Ma chi l'abbia, oltre che letto, anche ascoltato parlare, avrà avuto, dello scrittore francese, un'impressione ben diversa. Allora, nella forma gli spigoli si ammorbidiscono e gli angoli acuti divengono ottusi (pur rimanendo acuti nel contenuto...). Lo Houellebecq parlante è la controfigura, con tanto di ciuffo biondo e sigaretta sempre accesa, del mitico Zdenek Zeman, il profeta mormorante del calcio offensivista.

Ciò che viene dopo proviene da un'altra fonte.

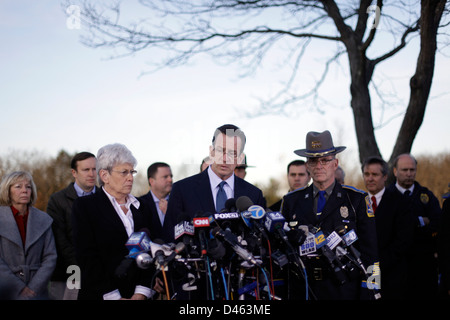 Newton, CT - Freitag, den 14/2012 - die Stunden nach den Sandy Hook Grundschule-Schießereien. Stockfoto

Quelli, poi, che l'hanno ascoltato in versione cantante... quelli sì possono usare a proposito l'aggettivo «confidenziale». Il buon Michel ingrana la seconda marcia (la terza e la quarta non sa nemmeno che esistono) e, dal sussurro zemaniano passa al monologo in stile Fred Bongusto. Niente rotonde sul mare, niente tre settimane da raccontare, però a orecchio siamo lì, nel campo dell'accompagnamento pro-pomiciata.
Nel 2000 uscì con l'album «Presence humaine», scritto da lui e arrangiato da Bertrand Burgalat: un buon successo «di nicchia».